乗用車ならトヨタはトヨタでシャシーとボディを作り、日産は日産でシャシーとボディを作る(最近はOEMなどもあるけれど……)。いや、当たり前のことを言って恐縮ですが、実はバスはその定義に当てはまらないことが多いんです。
つまりA社のボディをB社のシャシーにのせるなんてことが日常茶飯事でした(しかも型式は同じ)。数は減ってきたものの今でもその活躍を見ることができます。
それは地方にある中古路線バスが大半を占める事業者。親会社からの転属がメインの事業者もあるが、大半はその時に中古市場に流通している車両から導入する事業者も多いのです。

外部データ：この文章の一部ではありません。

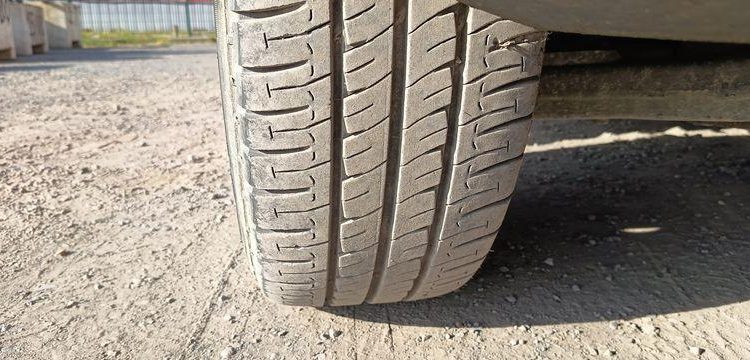 IVECO V35S11 AVEC NACELLE INF 15M  CB-682-TE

そうなると同じ型式でも違うボディを架装している車両が入ることがあり、マニア心をくすぐるんですなぁ……。長野県長野市を走るバスのケースを紹介します。
TEXT/PHOTO:■湯(バスマガ信越支局)
バスマガジンvol.80
【画像ギャラリー】超濃い目で型式紹介!! 同じ型式なのに違うボディのバスたち
今後は確実に減少していく、出生に事情(!?)があるバス
バスマニアならご存知だろうが、 地方事業者には必要台数を新車で賄うことが出来ず、中古バスの導入をすることは一般的である。
しかし流通する台数には限りがあり、それを多数の事業者で取り合う状況において、特定の車種だけを共通でそろえる事は非常に難しく、結果的にバラエティ豊かな車種構成になることも珍しくない。
特にバスは長年に渡り、シャシー製造メーカーとは別に、車体を製造するコーチビルダーが存在していた。
乗用車とは異なる、大型車特有の製造方法である。同じシャシーでもボディが違ったり、逆にボディが同じなのにシャシーが違う、といった現象は自然と起きる。
川崎車体(のちのいすゞバス製造)が日野シャシーに架装した車両も長野には存在していた。
現在はコーチビルダー専門メーカーがすべて撤退しており、特装などの二次架装を除き、ボディとシャシは一対である。
しかし中古車の場合は製造から10年ほど経過してから流通するため、まだ複数のコーチビルダーが存在していた時代の車両が流通しているわけだ。
とはいえこの状況もあと数年と思われる。北村製作所は1995年に撤退、富士重工は2003年に撤退し、最後まで残った西日本車体工業でも最終製造車出荷から時間が経過している。
中古バス市場は確実に純正ボディの流通が増えている。となると各地の珍車はぜひ記録しておきたいものだ。
ボディが違うということは部品が違ったり、各部の使い勝手も異なる。それもあって、新車で導入する事業者はなるべく車種だけでなくボディもそろえる。
中古で入れる事業者側には部品確保の面などでデメリットが生じるが、ファン目線ではその複雑さが魅力にもなる。
同じ型式なのに顔が違う、こんなバスをみつけるのもバスの楽しみ方のひとつではないだろうか。